La mondialisation n’est ni un remake de la période des années 1950-1960, grandeur mondiale (et encore moins des périodes précédentes des grandes découvertes et des conquêtes coloniales), ni une dissolution des logiques développementalistes enracinées dans les dépendances clientélistes actuelles. Selon moi « … la loi du développement social inégal [était] toujours en vigueur et il conviendrait d’en revaloriser l’efficacité » (Copans, 2001a : 52). J’en concluais que « … l’immense majorité de l’humanité vit encore sur le terrain des "situations coloniales" et (qu’) il n’y avait pas de raison d’abandonner une démarche qui fut si productive et qui devrait pouvoir encore rendre de précieux services scientifiques » (ibid.). Les mutations des dynamiques des champs sociaux ne modifient pas pour autant le sens des rapports internationaux et la tradition du regard éloigné et par le bas des sciences sociales doit être conservée même si le nouveau programme de recherche sur le développement consiste maintenant à regarder vers le haut et notamment à partir du Sud afin de redéfinir la problématique de sciences sociales toujours trop marquées par ce qu’Ulrich Beck a nommé le nationalisme méthodologique (2006).
La prééminence de l’anthropologie sur la sociologie s’explique par plusieurs facteurs assez naturels : l’expérience intime de plus d’un demi-siècle avec les populations bénéficiaires et objets du développement, la fréquentation et les sollicitations constantes des institutions ou ong en charge de ce dernier et enfin la capacité [98] à s’adapter à la multiplicité grandissante des types de terrains et de problèmes du développement à travers le monde. La sociologie générale classique n’a jamais prétendu occuper l’ensemble de ces terrains empiriques même si certains fondateurs de la sociologie française de l’après‑guerre ont pu y consacrer, tout comme G. Balandier, un moment de leur carrière. Dans le volume de L’Année sociologique, édité par C. Rivière en 1992 et consacré à la sociologie du développement, on trouve des contributions de R. Boudon et A. Touraine. Ce numéro constitue un peu le chant du cygne de cette sociologie tout comme le manuel évoqué précédemment de A. Guichaoua et Y. Goussault, le chapitre des mêmes dans la manuel édité par J.-P. Durand et R. Weil (Goussault et Guichaoua, 1989) et l’article de M. Haubert rédigé en 1990 et publié en 1993. Ce dernier concluait sa présentation en s’interrogeant sur la nature « d’une sociologie sans développement » (1993 : 177-190). Tout en notant un déclin de cette sociologie et l’absence d’influence des grandes orientations sociologiques (à l’exception de celle représentée par Balandier) sur les études du développement, il constatait que les africanistes et les américanistes ne s’intéressaient pas aux mêmes thématiques du développement. Un très récent manuel canadien est pluri-disciplinaire mais les sociologues y semblent plus nombreux que les anthropologues (Beaudet, Schafer & Haslam, 2008).

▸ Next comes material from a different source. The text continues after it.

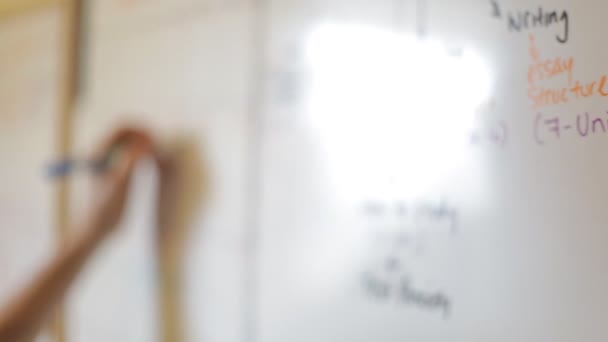 Adam bir beyaz tahta işaret üzerinde yazıyor — Stok video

La mondialisation ne remplace pas le développement mais elle induit à l’évidence de nouvelles dynamiques et formes ou programmes de ce développement. Si elle doit devenir un objet des sciences sociales (ce qui peut se discuter au vu des traditions de l’enracinement microsocial des pratiques de terrain de ces dernières) elle doit le devenir à partir des problématiques les plus décisives de l’anthropologie du développement puisqu’il n’existe plus d’alternative disciplinaire de fait à cette dernière.

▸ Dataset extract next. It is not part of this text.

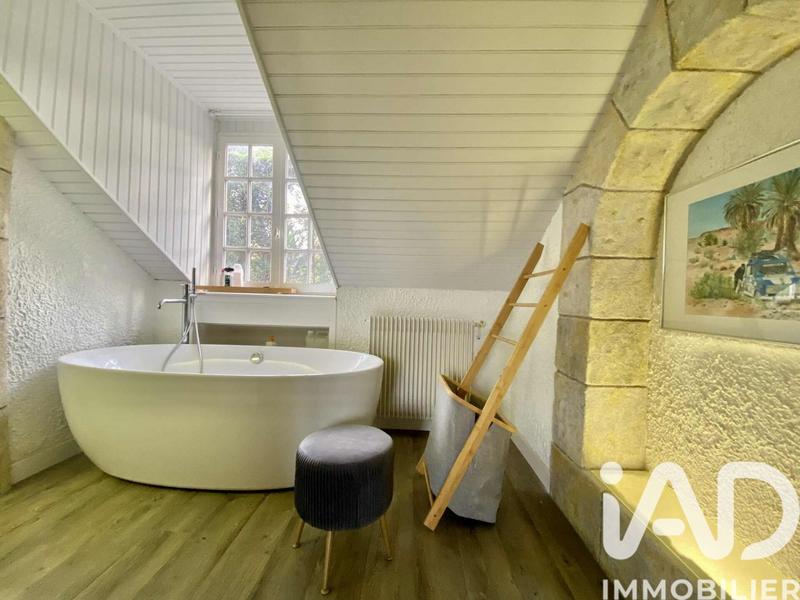 Maison - 315 m² - 7 pièces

Le développement n’est donc pas du tout un mode de relation sociétale dépassé : au contraire la nouvelle perspective totalisante qui se dégage de tous les travaux de ces dernières années montre que les objectifs de recherche empirique des centres organisationnels du Nord ouvrent un champ immense d’enquête qui aurait [99] d’ailleurs pu et dû être pratiqué, en toute logique théorique, depuis au moins cinquante ans, c’est-à-dire depuis au moins deux générations de chercheurs [18]. Aujourd’hui l’anthropologie des organisations et des institutions a pignon sur rue en France mais on peut s’interroger sur le fait qu’il semble y avoir peu de recherches significatives qui articulent questions du développement et terrain ethnologique classique vues à la fois du bas mais aussi vues du haut [19].
[100]
- Le retour aux fondamentaux :
quels fondamentaux ?
Pour reprendre l’expression de l’anthropologue britannique David Lewis, les relations entre l’anthropologie et le développement sont troublées ou difficiles (2005). Les trois positions qu’il dégage de son panorama : celle des anthropologues opposants, des anthropologues réticents et des anthropologues collaborateurs sont fondées sur la nature des pratiques professionnelles, des engagements idéologiques et bien entendu des objets étudiés et valorisés par les anthropologues. Mais il est évident ici que le développement n’est que l’une des préoccupations possibles des anthropologues contemporains : ces réflexions ne portent absolument pas sur le projet disciplinaire lui-même ni sur les modalités de son élaboration théorique ou de la construction de ses objets premiers. Pourtant G. Balandier avait considéré dès les années 1950 le développement comme l’un des révélateurs des dialectiques réelles existant entre les dynamiques internes et les dynamiques externes des sociétés initialement en situation coloniale se transformant en sociétés postcoloniales. Ultérieurement il élargira cette perspective à toutes les sociétés [20]. Le développement est ainsi envisagé comme l’un des éléments majeurs des processus d’historicité de toute société.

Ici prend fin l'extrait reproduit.